3.       Reimbursement of Expenses. All obligations or expenses incurred by HCFP in the performance of Services under this Agreement shall be for the account of, on behalf of, and at the expense of the Company. HCFP shall not be obligated to make any advance to or for the account of the Company or to pay any sums, except out of funds held in accounts maintained by the Company nor shall HCFP be obligated to incur any liability or obligation for the account of the Company without assurance that the necessary funds for the discharge of such liability or obligation will be provided.





4.        Independent Contractor. HCFP shall be an independent contractor, and nothing obtained in this Agreement shall be deemed or construed (i) to create a partnership or joint venture between the Company and HCFP, or (ii) to cause HCFP to be responsible in any way for the debts, liabilities or obligations of the Company or any other party.


5.       Time and Attention. HCFP shall devote the appropriate amount of time and effort and skills in providing the Services based upon its professional judgment and in its sole and absolute discretion.


6.       Term. This Agreement shall remain in effect for a period of one year and thereafter shall be renewed for successive one year terms unless, starting in the second year of this Agreement, either party terminates this Agreement upon not less than 60 days prior written notice. Notwithstanding the foregoing, either the Company or HCFP may terminate this Agreement for cause in the event of the breach of any of the material terms or provisions of this Agreement by the other party, which breach is not cured within 10 business days after written notice of the same is given to the party alleged to be in breach. Upon termination of this Agreement by the Company without cause or by HCFP with cause, HCFP shall be entitled to receive the monthly payments hereunder for all remaining months of the then one year term in which such termination occurred in a single lump-sum payment, payable within five business days of such termination. Notwithstanding the termination of this Agreement, this Section 6 and Sections 8, 10 and 14 shall survive termination.

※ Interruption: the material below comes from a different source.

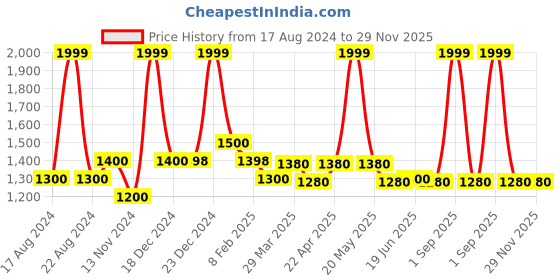 tatacliq.com Forever Glam by Pantaloons Grey Textured Medium Handbag forever glam by pantaloons Price History Graph from 17 Aug 2024 to 29 Nov 2025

7.       Standard of Care. HCFP shall not be liable for any mistakes of fact, errors of judgment, for losses sustained by the Company or for any acts or omissions of any kind (including acts or omissions of HCFP), unless the Company's losses (including expenses, costs and attorneys' fees) are finally and judicially determined to have resulted from the gross negligence or willful misconduct of HCFP.


8.       Indemnification. The Company agrees to indemnify and hold harmless HCFP from and against any and all losses, claims, damages or liabilities, including reasonable attorney’s fees (collectively “Losses”) suffered or incurred by HCFP in connection with the provision of Services under this Agreement (except to the extent such Losses result from the gross negligence of or bad faith of HCFP in performing Services hereunder. HCFP agrees to indemnify the Company for Losses incurred as a result of the gross negligence or bad faith of HCFP in providing Services hereunder; provided, that such indemnity shall be limited to the amount of fees actually paid to HCFP pursuant to this Agreement during the prior 12 calendar months.


9.       No Assignment. Without the consent of either party hereto, neither party shall assign, transfer or convey any of its rights, duties or interest under this Agreement, nor shall it delegate any of the obligations or duties required to be kept or performed by it hereunder; provided, however, that HCFP shall have the right to assign this Agreement without the Company’s consent to HCFP/Portfolio Services LLC or any other HCFP-affiliated entity established to perform the Services.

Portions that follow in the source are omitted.